|Pathologically Eclectic Rubbish Lister|
Re^2: How should Perlmonks deal with Plagiarism?by planetscape (Chancellor)
|on Oct 08, 2006 at 00:33 UTC||Need Help??|
Is lying condoned in Indian/Asian cultures?
Given the context of his post, that of being a reply in a thread discussing the probable wrongdoings of certain PerlMonks members from one particular geographic region, wherein there is a degree of uncertainty regarding cultural norms and mores between that geographic region and another from which the "majority" of members hail, it is hard to say how members from that geographic region would respond when asked: "So, do you think the actions of your fellow countrymen, which we have been condemning in this thread, are wrong?"
It's akin to the Catch-22 or "Damned if you do, damned if you don't" sort of question that is "Have you stopped beating your wife?"
Clearly, that last question is of the form demanding a yes or no answer. But if you answer "Yes," then it implies you were beating your wife at some point and were therefore in the wrong at that time.
If you say "No," you may well mean, "No, I have never beaten my wife," but the questioner has set it up in such a way that for them, "No" means, "No, I haven't stopped beating my wife." Or in other words, you are wrong now.

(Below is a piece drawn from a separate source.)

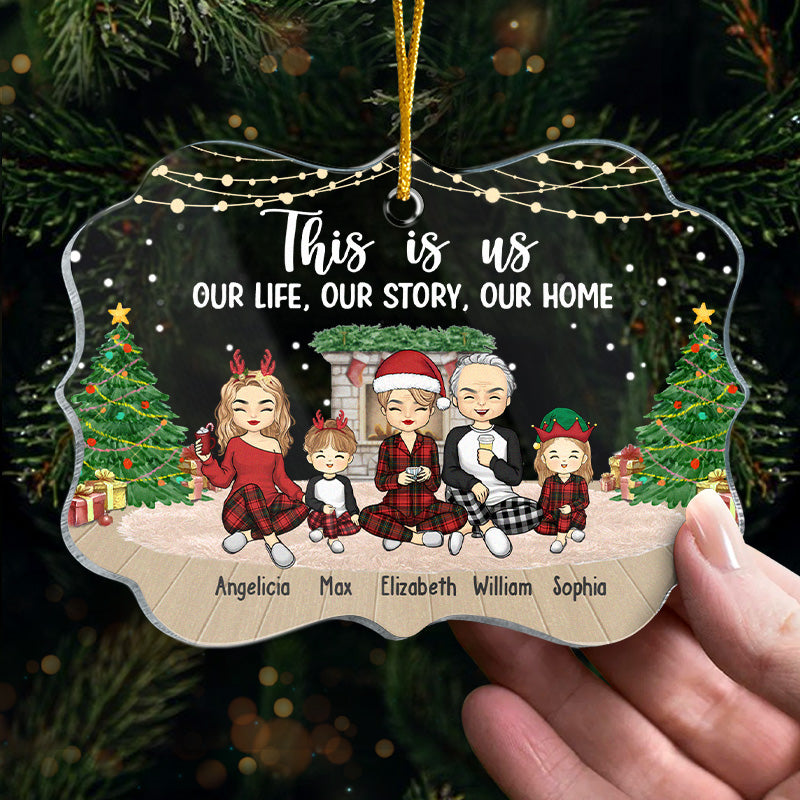 Tous les cœurs rentrent à la maison pour Noël - Décoration familiale personnalisée - Forme Benelux en acrylique - Cadeau de Noël pour les membres de la famille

So, you are in effect wrong no matter how you answer, whether or not you ever were in fact guilty of spousal abuse.
The word "lying," generally, in English, already carries connotations of wrongdoing. Therefore, to say, "Yes, lying is condoned," is in effect saying, "Yeah, we know it's wrong, and we do it anyway."
Or at least the one giving an afirmative answer may be concerned that that is how an affirmative answer will sound to the questioner.
OTOH, it is entirely possible that an affirmative answer to that question: "Is lying condoned?" might well mean more along the lines of: "Under certain circumstances, when telling the truth may cause more pain, damage, or acrimony, it may instead be better to tell a small untruth, a 'white lie,' in the interests of the greater good."
In the current context of this thread, it would be very difficult IMHO for a person, from the same geographic region as the two Monks being discussed above, perhaps lacking a facility with the English language, and being probably equally as perplexed by the finer points of Western culture and custom as Westerners are of Indian or Hindu culture, to adequately articulate an answer that sounds a great deal like, and may be artificially simplified to mean, "Yes, we condone wrongful behaviour."
I believe it was precisely this careful distinction that syphilis was attempting to make.